§ WHAT TO DO:
Look below for the line with "Eshara 123 In"; begin the copy there and stop after the line with "Camo print pants", keeping the text exact and the pictures out.

§ RECORD EXCERPTS:
══════

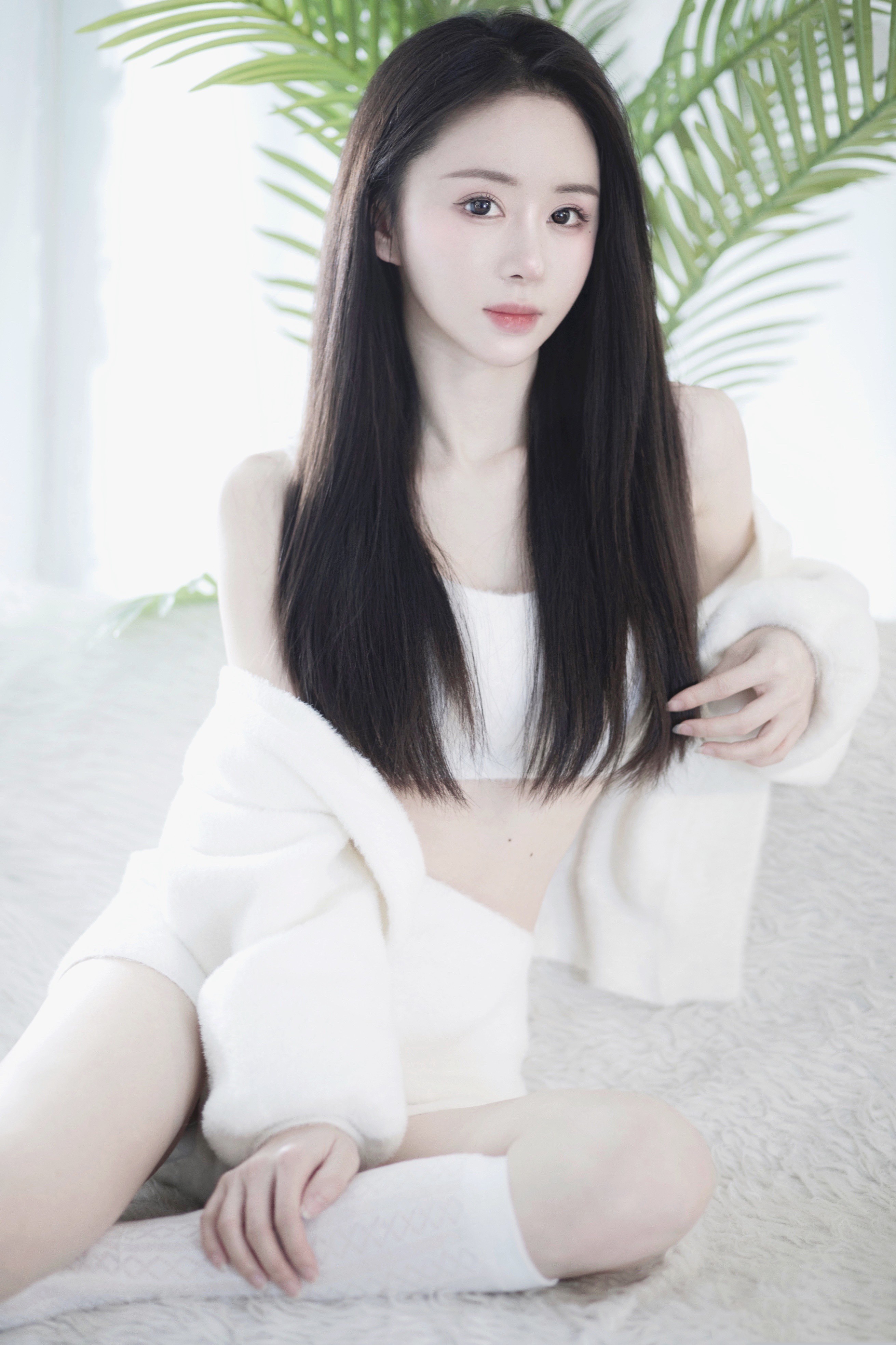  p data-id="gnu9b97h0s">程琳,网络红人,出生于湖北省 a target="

══════

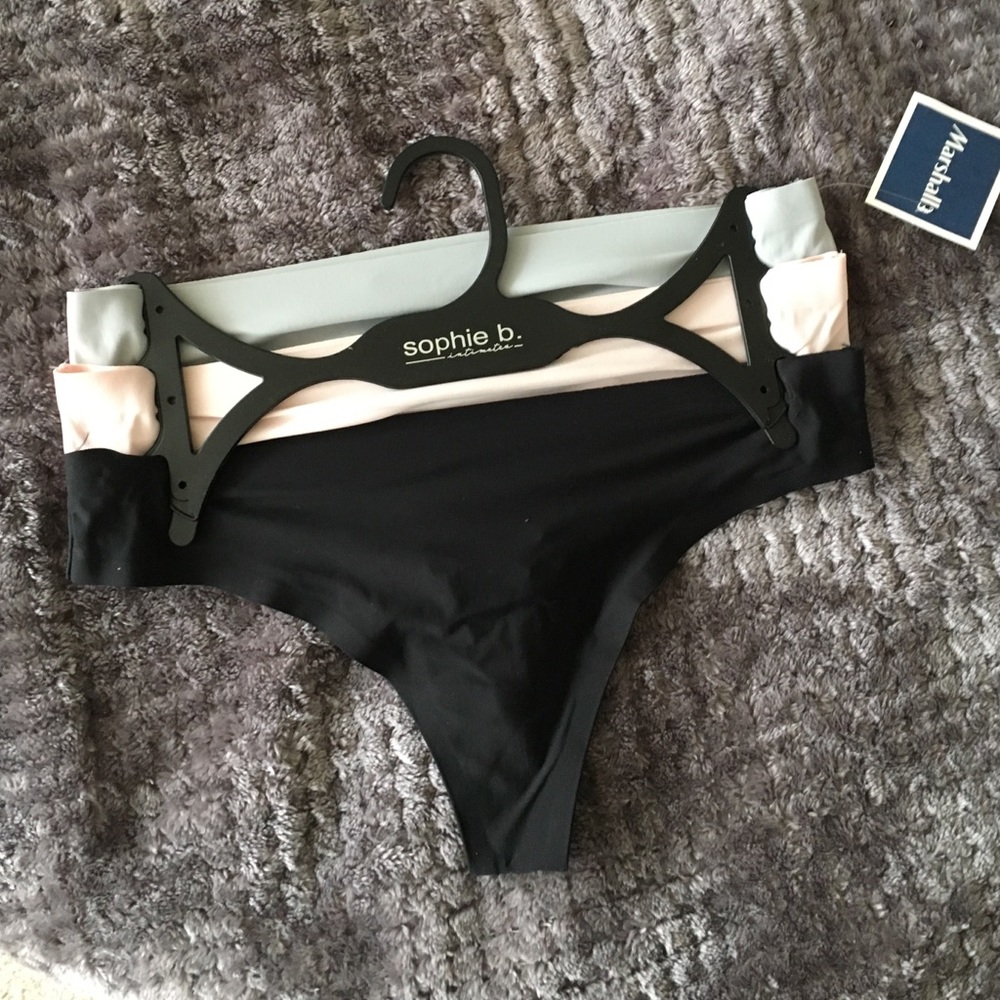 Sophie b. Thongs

══════

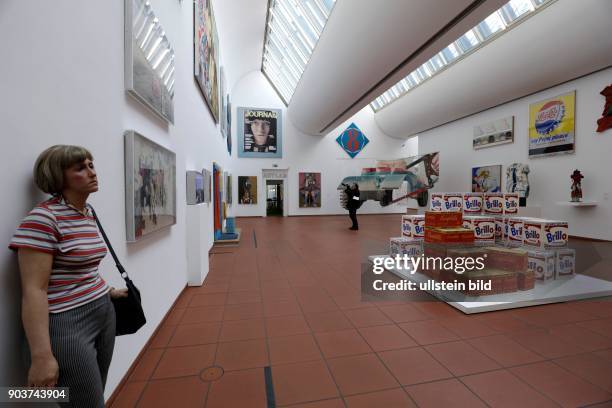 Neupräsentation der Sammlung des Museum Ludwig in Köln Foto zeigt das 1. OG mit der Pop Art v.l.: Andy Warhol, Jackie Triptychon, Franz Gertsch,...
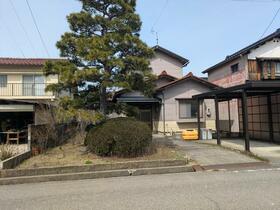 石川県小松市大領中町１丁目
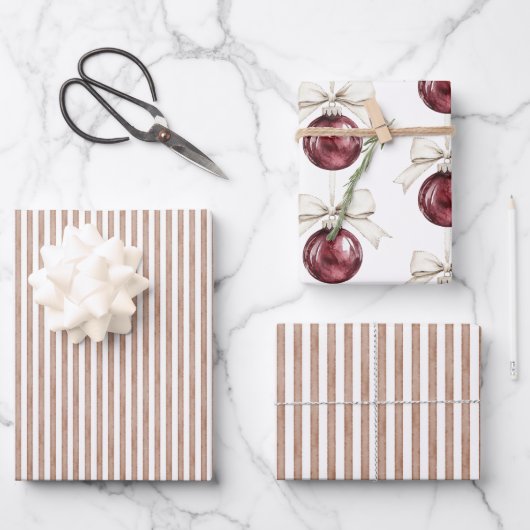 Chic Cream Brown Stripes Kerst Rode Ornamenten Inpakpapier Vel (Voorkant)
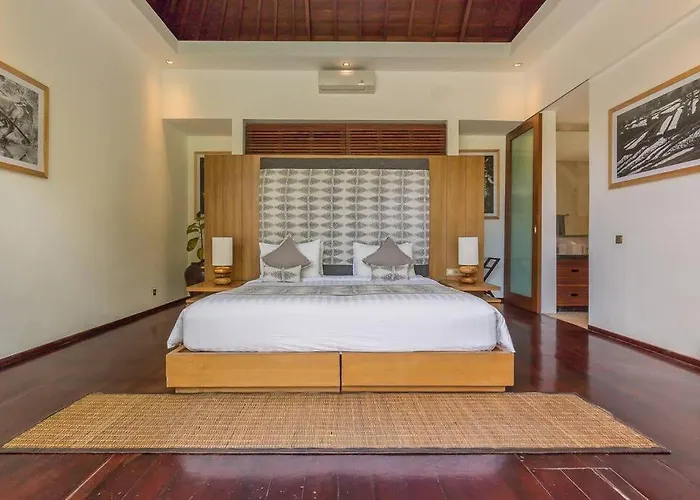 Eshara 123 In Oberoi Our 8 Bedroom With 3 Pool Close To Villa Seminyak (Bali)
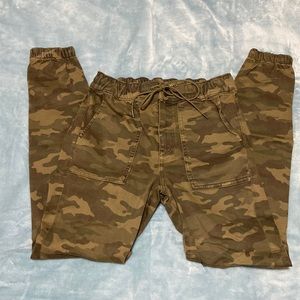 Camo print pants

══════

§ SOLUTION TO THIS PROBLEM:
 Eshara 123 In Oberoi Our 8 Bedroom With 3 Pool Close To Villa Seminyak (Bali)
 Camo print pants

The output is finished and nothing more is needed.